What you are asked to do >> List all the lines in these records that hold "their".

[Recorded data]

-=-=-

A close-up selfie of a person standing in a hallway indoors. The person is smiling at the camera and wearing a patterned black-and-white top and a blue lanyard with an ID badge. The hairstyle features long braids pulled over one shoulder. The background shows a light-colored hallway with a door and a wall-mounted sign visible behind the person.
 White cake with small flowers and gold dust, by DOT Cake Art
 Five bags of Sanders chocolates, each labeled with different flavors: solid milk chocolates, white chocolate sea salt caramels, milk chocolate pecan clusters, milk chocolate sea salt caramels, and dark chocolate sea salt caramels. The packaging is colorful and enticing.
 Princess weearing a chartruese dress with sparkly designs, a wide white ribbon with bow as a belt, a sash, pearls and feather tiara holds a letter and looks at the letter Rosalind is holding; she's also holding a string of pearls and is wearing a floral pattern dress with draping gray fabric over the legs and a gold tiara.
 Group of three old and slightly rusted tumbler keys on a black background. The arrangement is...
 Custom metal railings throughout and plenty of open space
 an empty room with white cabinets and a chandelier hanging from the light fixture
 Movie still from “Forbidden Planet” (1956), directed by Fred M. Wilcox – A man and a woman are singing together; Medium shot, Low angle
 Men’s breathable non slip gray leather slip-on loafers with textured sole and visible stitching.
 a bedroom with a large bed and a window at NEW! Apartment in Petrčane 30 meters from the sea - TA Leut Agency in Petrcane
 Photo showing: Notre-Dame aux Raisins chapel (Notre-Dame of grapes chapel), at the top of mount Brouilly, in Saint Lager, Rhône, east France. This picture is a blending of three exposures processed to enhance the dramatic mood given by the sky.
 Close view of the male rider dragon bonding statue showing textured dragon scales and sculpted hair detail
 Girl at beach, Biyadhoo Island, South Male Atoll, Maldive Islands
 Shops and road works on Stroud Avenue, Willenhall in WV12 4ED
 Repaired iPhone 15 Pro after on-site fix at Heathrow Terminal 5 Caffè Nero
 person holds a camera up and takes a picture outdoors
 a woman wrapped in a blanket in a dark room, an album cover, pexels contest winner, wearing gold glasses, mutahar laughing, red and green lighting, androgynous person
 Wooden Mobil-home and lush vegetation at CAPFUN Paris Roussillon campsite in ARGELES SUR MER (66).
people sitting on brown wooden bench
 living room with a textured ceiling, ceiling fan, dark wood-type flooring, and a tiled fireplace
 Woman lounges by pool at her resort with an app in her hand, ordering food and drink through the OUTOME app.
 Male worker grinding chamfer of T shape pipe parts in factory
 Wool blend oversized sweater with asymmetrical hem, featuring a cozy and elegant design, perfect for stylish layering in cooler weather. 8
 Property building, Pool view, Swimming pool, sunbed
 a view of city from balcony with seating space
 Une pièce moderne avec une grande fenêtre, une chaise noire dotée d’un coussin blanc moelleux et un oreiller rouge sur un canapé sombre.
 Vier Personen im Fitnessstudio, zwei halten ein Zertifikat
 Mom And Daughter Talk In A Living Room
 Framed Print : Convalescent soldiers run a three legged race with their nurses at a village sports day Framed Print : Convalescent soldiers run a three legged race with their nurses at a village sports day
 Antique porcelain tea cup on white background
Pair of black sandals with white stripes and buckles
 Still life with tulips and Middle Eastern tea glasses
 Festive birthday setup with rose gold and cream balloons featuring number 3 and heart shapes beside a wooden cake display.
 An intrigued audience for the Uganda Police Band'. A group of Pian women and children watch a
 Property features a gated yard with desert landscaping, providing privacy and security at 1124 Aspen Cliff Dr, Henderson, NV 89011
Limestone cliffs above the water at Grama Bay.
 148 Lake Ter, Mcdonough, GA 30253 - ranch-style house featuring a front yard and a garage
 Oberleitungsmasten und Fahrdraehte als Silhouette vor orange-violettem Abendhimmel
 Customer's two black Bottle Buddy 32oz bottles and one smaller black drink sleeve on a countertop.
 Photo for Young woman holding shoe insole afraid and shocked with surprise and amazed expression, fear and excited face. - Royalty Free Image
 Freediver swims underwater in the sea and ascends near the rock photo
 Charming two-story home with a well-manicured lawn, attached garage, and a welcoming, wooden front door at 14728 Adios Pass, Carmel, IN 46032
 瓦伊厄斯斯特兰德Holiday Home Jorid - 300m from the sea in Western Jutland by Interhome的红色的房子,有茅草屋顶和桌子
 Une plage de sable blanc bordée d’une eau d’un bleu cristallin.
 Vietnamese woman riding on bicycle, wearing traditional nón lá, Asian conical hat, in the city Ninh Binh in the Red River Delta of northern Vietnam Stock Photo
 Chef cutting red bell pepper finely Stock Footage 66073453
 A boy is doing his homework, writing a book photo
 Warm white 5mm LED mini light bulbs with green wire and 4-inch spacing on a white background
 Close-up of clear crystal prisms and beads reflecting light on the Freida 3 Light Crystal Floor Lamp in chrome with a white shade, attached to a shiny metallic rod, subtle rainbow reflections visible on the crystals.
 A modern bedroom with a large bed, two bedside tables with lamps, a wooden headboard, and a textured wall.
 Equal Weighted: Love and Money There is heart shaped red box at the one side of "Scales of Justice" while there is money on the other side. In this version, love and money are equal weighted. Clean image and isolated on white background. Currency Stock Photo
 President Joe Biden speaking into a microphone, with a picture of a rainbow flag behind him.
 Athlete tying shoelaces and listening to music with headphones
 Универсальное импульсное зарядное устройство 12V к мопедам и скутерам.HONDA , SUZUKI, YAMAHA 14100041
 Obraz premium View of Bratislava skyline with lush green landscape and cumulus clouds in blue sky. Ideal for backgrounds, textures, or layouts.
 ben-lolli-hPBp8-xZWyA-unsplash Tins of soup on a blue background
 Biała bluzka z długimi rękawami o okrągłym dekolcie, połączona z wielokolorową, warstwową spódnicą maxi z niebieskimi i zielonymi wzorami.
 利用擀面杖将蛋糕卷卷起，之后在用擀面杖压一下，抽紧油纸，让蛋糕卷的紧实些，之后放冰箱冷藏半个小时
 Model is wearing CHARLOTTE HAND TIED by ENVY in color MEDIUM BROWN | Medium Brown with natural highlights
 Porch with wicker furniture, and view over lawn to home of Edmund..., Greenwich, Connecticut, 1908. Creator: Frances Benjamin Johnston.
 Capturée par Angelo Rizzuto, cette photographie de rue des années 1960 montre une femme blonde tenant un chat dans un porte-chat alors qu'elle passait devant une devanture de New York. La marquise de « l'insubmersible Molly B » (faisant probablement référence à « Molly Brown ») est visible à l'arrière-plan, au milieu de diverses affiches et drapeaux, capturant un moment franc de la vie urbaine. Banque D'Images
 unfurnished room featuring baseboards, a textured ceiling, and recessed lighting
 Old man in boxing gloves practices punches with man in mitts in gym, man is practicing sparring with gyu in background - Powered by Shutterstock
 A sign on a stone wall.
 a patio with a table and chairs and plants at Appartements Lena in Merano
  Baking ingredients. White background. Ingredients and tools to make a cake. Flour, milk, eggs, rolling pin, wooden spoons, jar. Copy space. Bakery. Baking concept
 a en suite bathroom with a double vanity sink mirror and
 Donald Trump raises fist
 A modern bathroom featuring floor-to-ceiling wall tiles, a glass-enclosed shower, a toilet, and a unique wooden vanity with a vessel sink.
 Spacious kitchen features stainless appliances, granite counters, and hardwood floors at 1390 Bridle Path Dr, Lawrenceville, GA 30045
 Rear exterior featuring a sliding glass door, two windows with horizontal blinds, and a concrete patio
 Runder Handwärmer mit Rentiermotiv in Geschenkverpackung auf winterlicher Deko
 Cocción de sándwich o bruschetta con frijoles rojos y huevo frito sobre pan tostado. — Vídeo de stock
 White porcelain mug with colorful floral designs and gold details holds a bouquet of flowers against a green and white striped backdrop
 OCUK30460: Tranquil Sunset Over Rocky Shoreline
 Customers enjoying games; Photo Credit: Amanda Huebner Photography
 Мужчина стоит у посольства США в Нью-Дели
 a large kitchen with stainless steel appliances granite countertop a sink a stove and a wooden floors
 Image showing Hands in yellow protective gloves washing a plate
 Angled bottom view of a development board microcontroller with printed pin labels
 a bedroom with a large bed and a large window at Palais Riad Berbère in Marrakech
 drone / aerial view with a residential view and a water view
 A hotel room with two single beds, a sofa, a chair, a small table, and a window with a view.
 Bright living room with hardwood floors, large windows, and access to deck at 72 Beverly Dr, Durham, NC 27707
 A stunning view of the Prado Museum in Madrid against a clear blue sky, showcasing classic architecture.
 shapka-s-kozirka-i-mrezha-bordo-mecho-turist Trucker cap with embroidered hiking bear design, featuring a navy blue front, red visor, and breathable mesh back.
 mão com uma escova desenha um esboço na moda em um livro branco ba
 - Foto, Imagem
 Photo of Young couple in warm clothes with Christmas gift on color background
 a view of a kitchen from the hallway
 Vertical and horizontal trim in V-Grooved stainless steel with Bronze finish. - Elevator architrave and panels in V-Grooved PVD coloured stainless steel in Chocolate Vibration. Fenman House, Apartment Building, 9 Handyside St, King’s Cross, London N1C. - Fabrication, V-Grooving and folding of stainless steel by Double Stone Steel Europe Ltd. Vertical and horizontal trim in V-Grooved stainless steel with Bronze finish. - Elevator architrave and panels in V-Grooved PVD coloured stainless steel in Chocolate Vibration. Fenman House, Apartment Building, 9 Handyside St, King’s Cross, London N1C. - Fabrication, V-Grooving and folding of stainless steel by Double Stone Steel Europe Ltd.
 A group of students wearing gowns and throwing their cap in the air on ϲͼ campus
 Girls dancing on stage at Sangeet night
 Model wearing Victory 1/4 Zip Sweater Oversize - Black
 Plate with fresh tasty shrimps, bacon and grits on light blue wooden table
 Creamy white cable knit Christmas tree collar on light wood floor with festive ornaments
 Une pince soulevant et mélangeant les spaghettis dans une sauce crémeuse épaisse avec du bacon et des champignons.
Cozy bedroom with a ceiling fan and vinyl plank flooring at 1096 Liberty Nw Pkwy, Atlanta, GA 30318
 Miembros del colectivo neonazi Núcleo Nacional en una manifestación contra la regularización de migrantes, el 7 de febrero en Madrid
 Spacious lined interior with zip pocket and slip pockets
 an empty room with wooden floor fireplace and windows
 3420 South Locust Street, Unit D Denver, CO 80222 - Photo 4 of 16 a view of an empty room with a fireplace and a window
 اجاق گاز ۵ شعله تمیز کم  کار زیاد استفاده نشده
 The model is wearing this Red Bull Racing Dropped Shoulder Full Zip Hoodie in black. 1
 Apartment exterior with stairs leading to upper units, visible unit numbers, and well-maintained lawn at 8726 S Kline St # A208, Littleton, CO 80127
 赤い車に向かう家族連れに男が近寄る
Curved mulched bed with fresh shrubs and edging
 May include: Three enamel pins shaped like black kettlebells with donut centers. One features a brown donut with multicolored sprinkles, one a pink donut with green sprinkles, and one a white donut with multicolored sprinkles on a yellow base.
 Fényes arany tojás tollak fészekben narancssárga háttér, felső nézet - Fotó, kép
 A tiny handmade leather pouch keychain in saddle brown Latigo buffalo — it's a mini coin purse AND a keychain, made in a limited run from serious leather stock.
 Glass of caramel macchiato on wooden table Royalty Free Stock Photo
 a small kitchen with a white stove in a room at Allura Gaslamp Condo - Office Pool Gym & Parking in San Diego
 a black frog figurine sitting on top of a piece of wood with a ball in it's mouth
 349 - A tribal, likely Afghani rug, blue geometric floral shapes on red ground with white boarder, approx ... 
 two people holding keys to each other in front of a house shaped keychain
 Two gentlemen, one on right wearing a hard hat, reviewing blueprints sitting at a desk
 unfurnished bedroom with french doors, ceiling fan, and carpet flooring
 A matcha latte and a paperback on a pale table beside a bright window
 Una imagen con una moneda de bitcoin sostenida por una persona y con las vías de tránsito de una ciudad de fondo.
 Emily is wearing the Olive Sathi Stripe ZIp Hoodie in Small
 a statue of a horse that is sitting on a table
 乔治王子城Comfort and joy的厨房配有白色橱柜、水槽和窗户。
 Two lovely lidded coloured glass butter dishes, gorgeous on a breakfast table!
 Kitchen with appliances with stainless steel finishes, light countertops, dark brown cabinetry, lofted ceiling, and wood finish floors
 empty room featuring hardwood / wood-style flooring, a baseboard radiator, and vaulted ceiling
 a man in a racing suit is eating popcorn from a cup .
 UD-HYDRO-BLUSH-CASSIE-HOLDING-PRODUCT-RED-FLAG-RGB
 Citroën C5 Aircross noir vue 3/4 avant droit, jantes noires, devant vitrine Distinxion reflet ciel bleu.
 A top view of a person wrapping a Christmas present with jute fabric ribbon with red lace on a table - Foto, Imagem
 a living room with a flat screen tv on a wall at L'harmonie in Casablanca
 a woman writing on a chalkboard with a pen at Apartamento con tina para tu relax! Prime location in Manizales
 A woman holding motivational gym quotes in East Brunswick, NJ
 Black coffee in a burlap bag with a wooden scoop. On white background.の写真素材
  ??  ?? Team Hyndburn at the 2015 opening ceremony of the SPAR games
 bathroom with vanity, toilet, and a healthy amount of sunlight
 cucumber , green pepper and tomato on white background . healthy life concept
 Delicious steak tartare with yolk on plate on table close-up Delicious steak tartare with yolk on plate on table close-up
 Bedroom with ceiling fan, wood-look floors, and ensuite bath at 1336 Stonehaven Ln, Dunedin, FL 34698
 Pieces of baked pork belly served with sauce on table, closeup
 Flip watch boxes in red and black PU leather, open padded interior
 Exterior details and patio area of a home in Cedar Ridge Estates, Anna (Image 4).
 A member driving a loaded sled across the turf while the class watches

-=-=-

Expected answer >>
 Framed Print : Convalescent soldiers run a three legged race with their nurses at a village sports day Framed Print : Convalescent soldiers run a three legged race with their nurses at a village sports day
 A group of students wearing gowns and throwing their cap in the air on ϲͼ campus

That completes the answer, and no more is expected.